In chemistry, valence bond (VB) theory is one of two basic theories—along with molecular orbital (MO) theory—that were developed to use the methods of quantum mechanics to explain chemical bonding. It focuses on how the atomic orbitals of dissociated atoms combine to give individual chemical bonds when a molecule is formed. In contrast, molecular orbital theory has orbitals that cover the whole molecule.
According to this theory, a covalent bond is formed by the overlap of the half-filled valence orbitals in atoms containing an unpaired electron. A valence bond structure is similar to a Lewis structure, but where a single Lewis structure cannot be written, several valence bond structures are used. Each of VB structure represents a specific Lewis structure. The combination of valence bond structures is the main point of resonance theory.
Mechanisms of Bonding in VB Theory
Valence bond theory dictates that overlapping atomic orbitals of participating atoms form a chemical bond. Because of the overlap, it is probable that electrons are found in the bond region. VB theory views bonds as weakly coupled orbitals (small overlap). VB theory is typically easier to employ in ground state molecules.
SIGMA AND PI BONDS
There are two types of overlapping orbitals: sigma and pi. Sigma bonds occur when the orbitals of two shared electrons overlap head-to-head. Pi bonds occur when the two overlapping orbitals are parallel. For example, a bond between two s-orbital electrons is a sigma bond, because two spheres are always coaxial. In terms of bond order, single bonds have one sigma bond, double bonds consist of one sigma bond and one pi bond, and triple bonds contain one sigma bond and two pi bonds. However, the atomic orbitals for bonding may be hybrids. Often, bonding atomic orbitals have a character of several possible types of orbitals. The methods to get an atomic orbital with the proper character for bonding is called hybridization.
VB and MO Compared
Valence bond theory complements molecular orbital (MO) theory, which does not adhere to the VB idea that electron pairs are localized between two specific atoms in a molecule. MO theory suggests that electrons are distributed in sets of molecular orbitals that can extend over the entire molecule. MO theory can predict magnetic and ionization properties in a straightforward manner. Valence bond theory gives similar results but is more complicated.
Valence bond theory views aromatic properties of molecules as the result of resonance between Kekulé, Dewar, and possibly ionic structures. Molecular orbital theory views it as delocalization of the π-electrons. The underlying mathematics of VB theory is also more complicated, limiting VB treatment to relatively small molecules. VB theory provides a much more accurate picture of the reorganization of electronic charge that takes place when bonds are broken and formed during the course of a chemical reaction. Specifically, valence bond theory correctly predicts the dissociation of homonuclear diatomic molecules into separate atoms. Molecular orbital theory predicts dissociation into a mixture of atoms and ions.
MODERN VALENCE BOND THEORY
More recently, several groups have developed what is often called modern valence bond theory. This replaces the overlapping atomic orbitals with overlapping valence bond orbitals expanded over a large number of basis functions. These functions are either centered on one atom to give a classical valence bond picture or centered on all atoms in a molecule. The resulting energies are more competitive, with energies from calculations where electron correlation is introduced based on a Hartree–Fock reference wave function. The most recent text discussing modern valence bond theory is written by Shaik and Hiberty.

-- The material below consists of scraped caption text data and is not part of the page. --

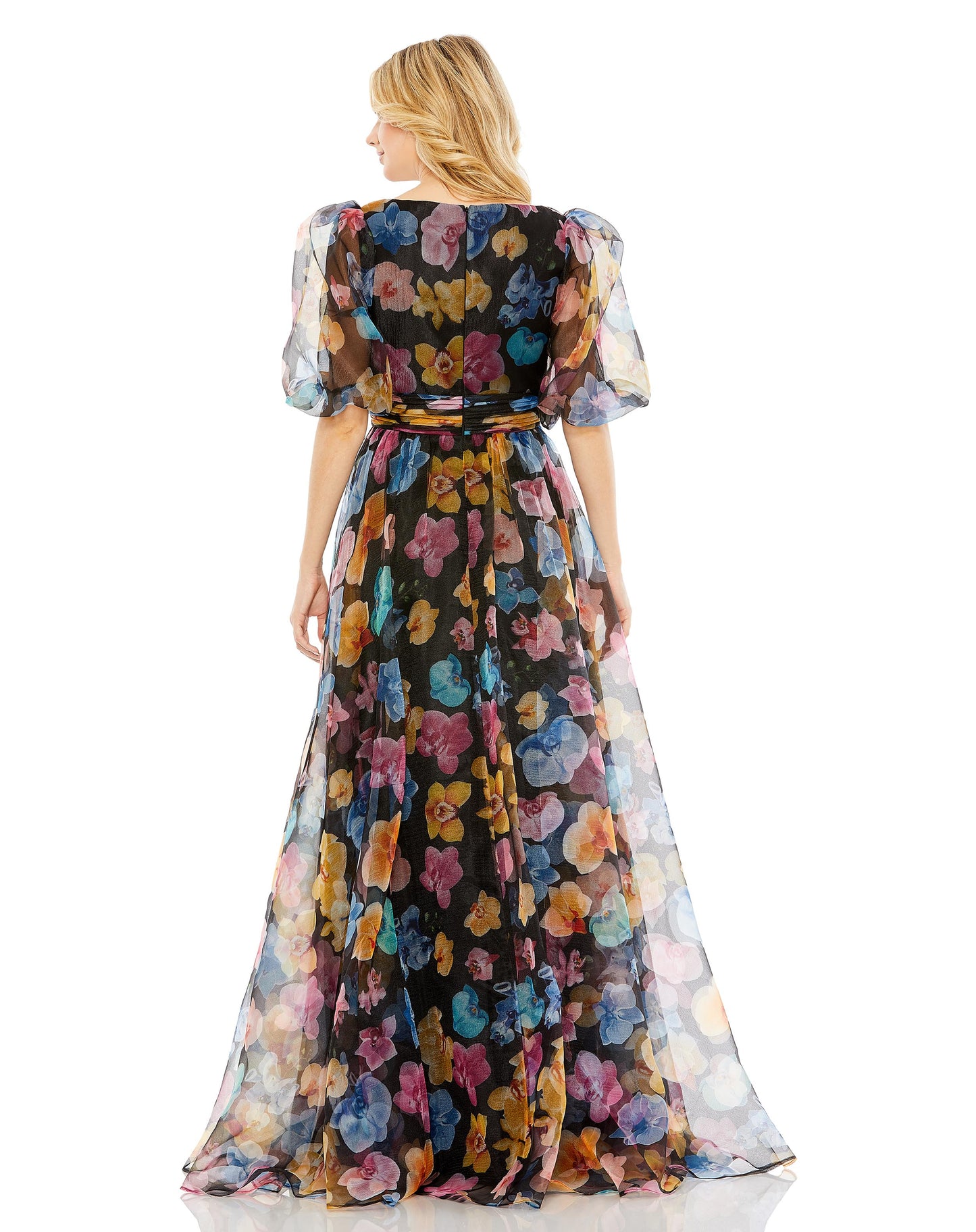 Floral Print Balloon Sleeve A Line Gown | Sample | Sz. 4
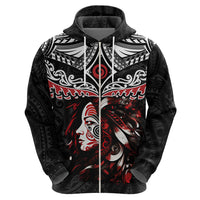 New Zealand Maori Girl Zip Hoodie Silver Fern and Koru Pattern LT03 - Polynesian Pride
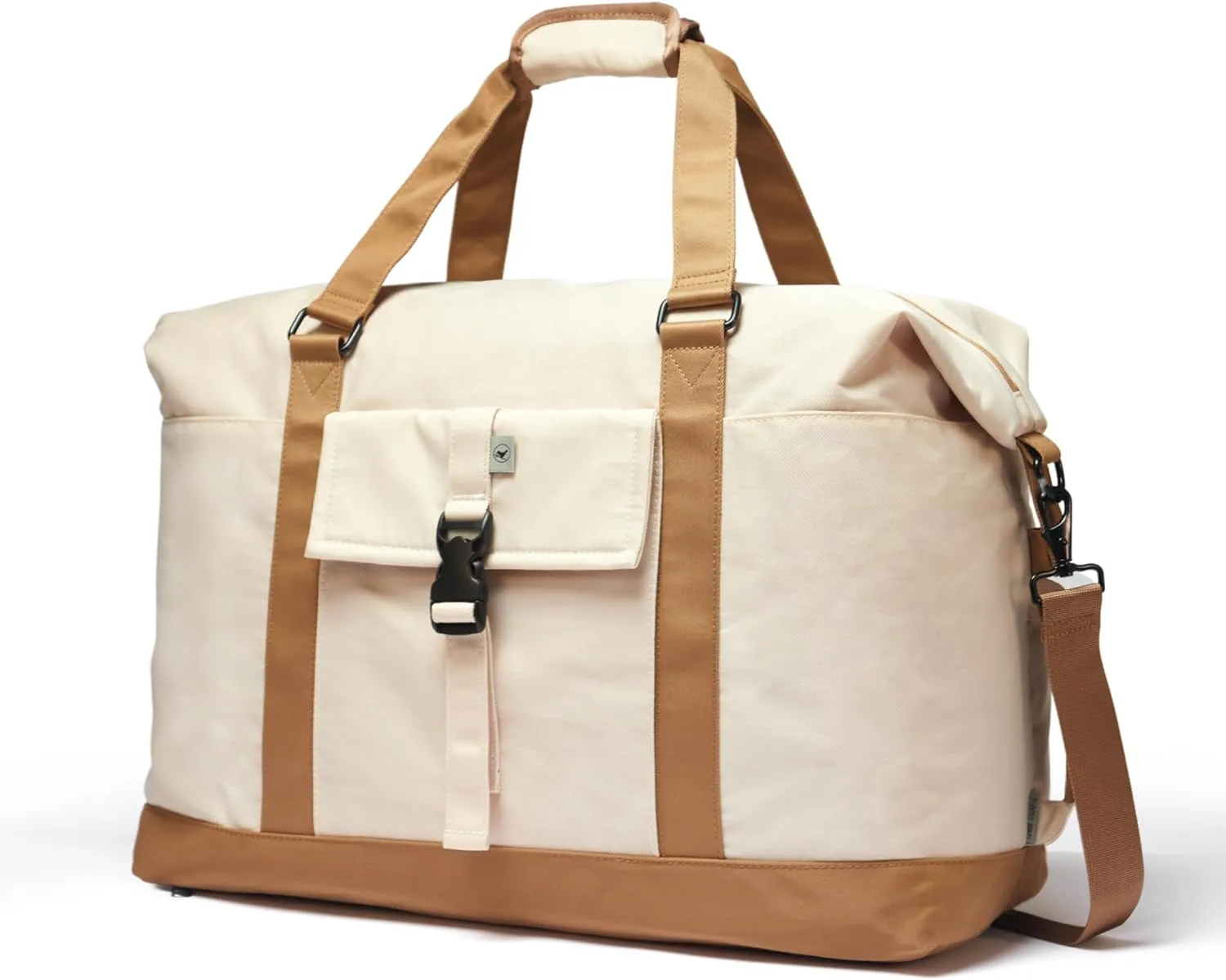 SUNNY BIRD Duffel with Utility Pouch, 40L Weekender Overnight Bag with Shoe Compartment for Travel and Sports (White and brown)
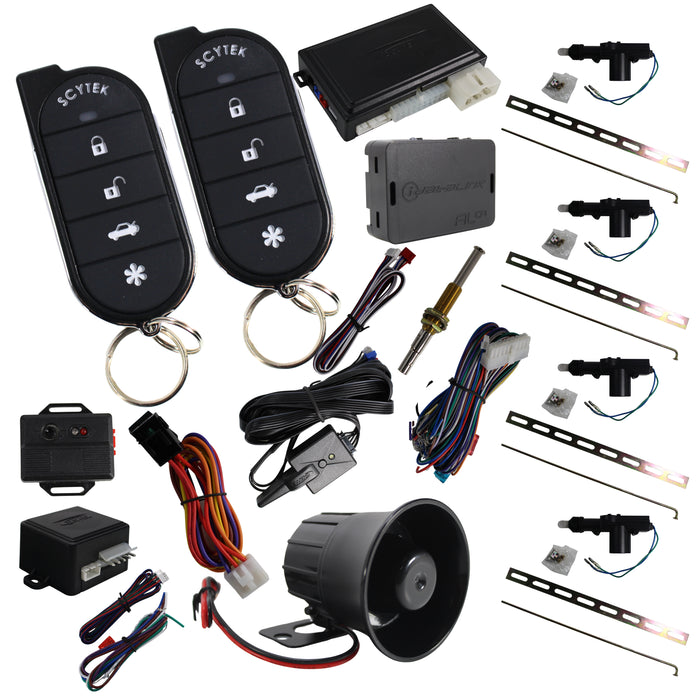 A4 5 Button Remote Engine Start, Keyless Entry, Security System w/ 2 Remotes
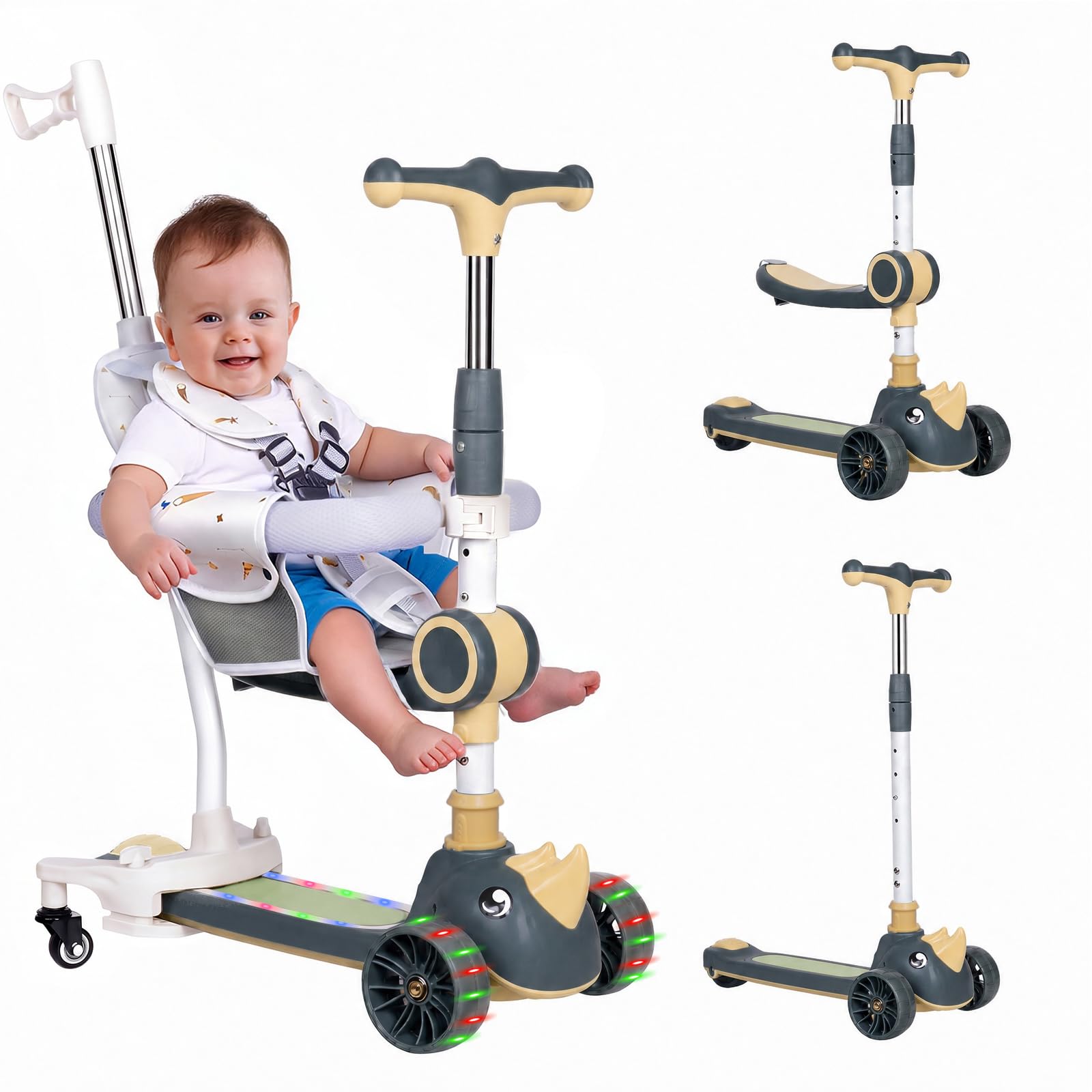 Trottinette 3 en 1 pour enfant avec barre de poussée, siège amovible et roues LED, hauteur réglable sur 3 niveaux, pour enfants de 1 à 8 ans, jusqu'à 50 kg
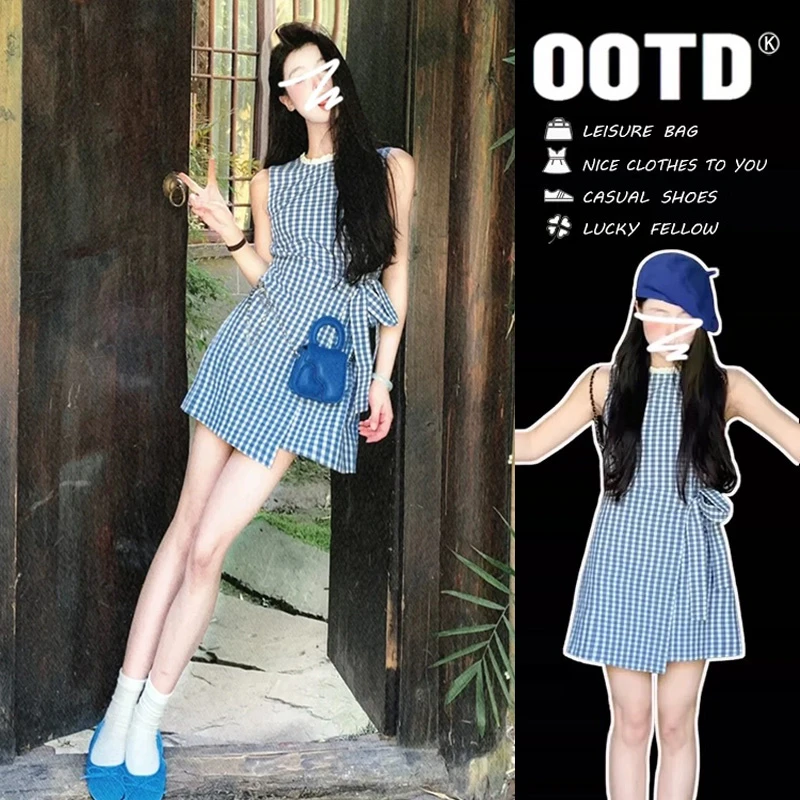 2025夏季新款法式蓝白格子系带背心连衣裙女气质休闲百搭无袖短裙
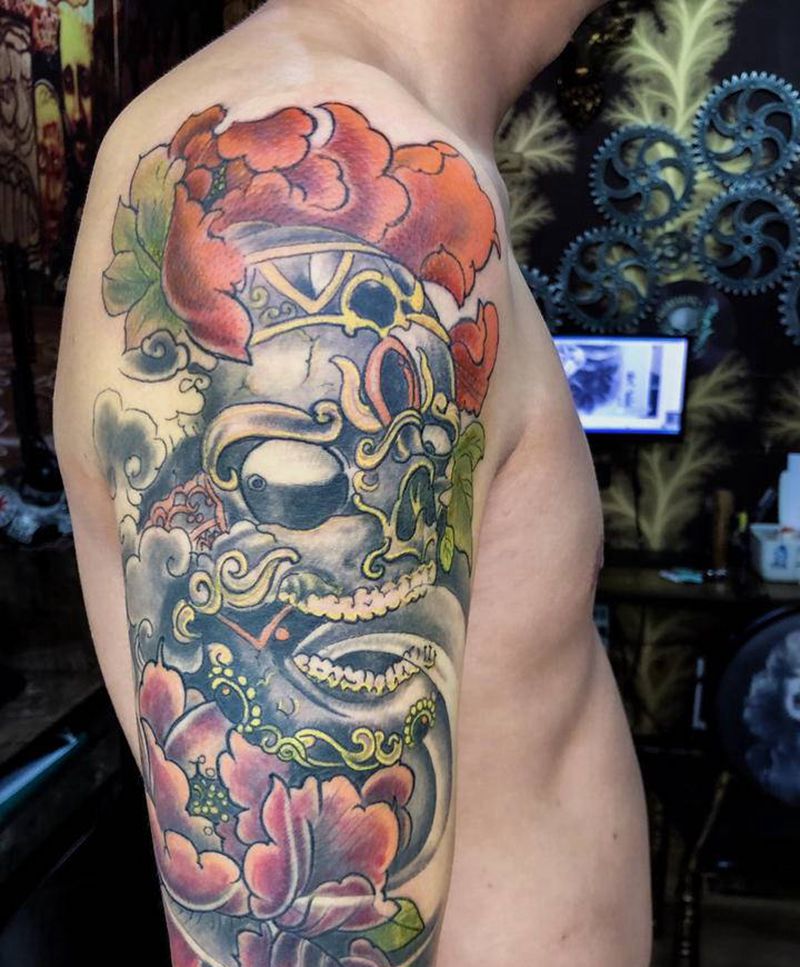 嘎巴拉纹身图片_手臂新传统纹身图案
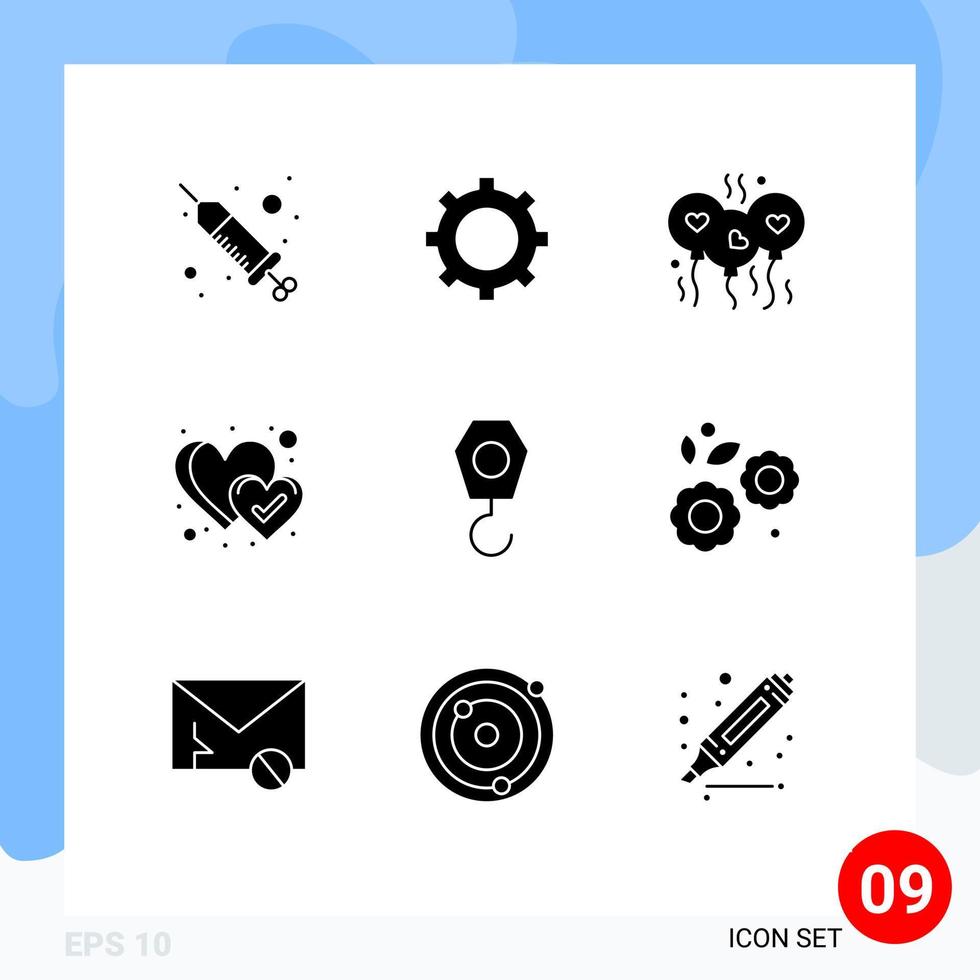 9 User Interface Solid Glyph Pack of modern Signs and Symbols of flower crane love construction heart Editable Vector Design Elements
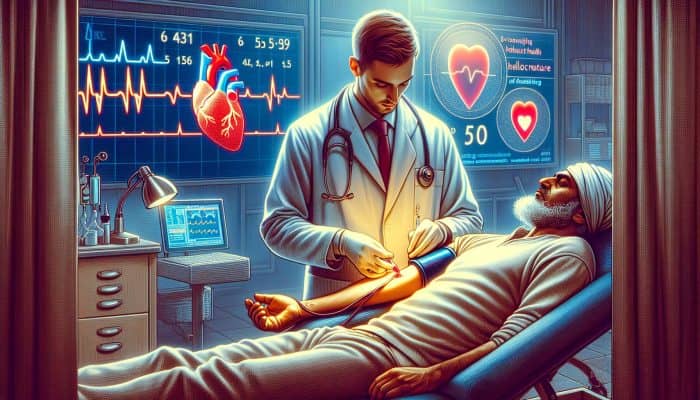 Cholesterol Blood Test In Swansea: In a bustling NHS clinic in Swansea, a doctor draws blood for a cholesterol test, surrounded by heart health posters and declining stats screens.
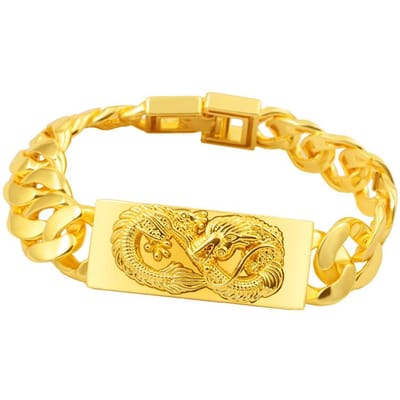 Zandgoud Armband Heren Dominant Simulatie Verguld Heren Horlogeketting Zandgoud Sieraden beige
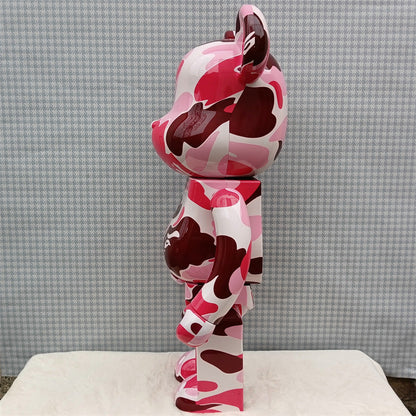 70cm BEARBRICK 1000% BAPE Camo Pink ABS Action Figure Boxed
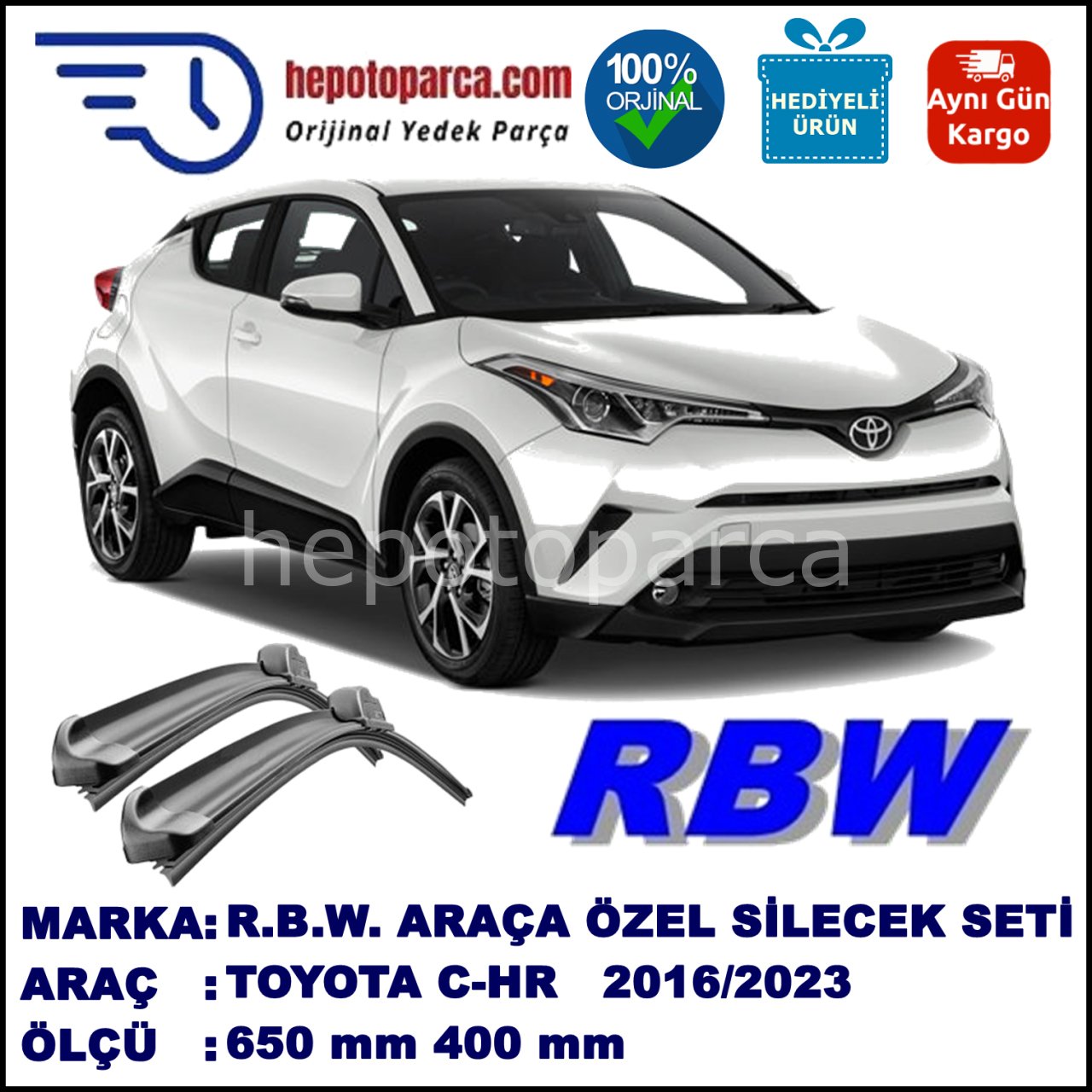 TOYOTA C-HR MUZ SİLECEK TAKIMI RBW ARACA ÖZEL (2016→)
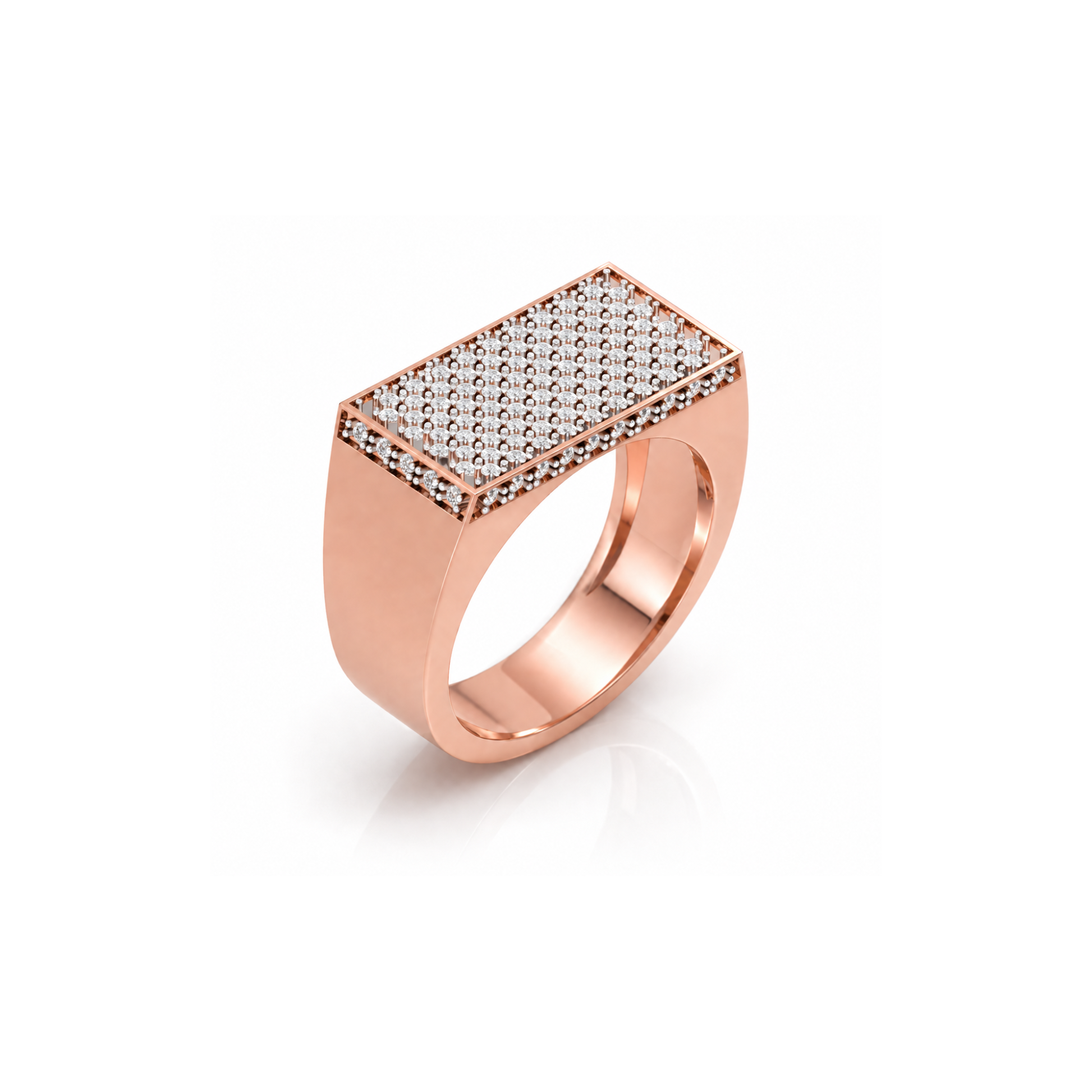 Rose gold ring with diamond-studded band on a white background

An important aspect of the VB theory is the condition of maximum overlap which leads to the formation of the strongest possible bonds. This theory is used to explain the covalent bond formation in many molecules. In the F2 molecule the F–F bond is formed by the overlap of pz orbitals of the two F atoms, each containing an unpaired electron. Since the nature of the overlapping orbitals are different in H2 and F2 molecules, the bond strength and bond lengths differ between H2 (Figure 1) and F2 molecules. In an HF molecule, the covalent bond is formed by the overlap of the 1s orbital of H and the 2pz orbital of F, each containing an unpaired electron. Mutual sharing of electrons between H and F results in a covalent bond in HF.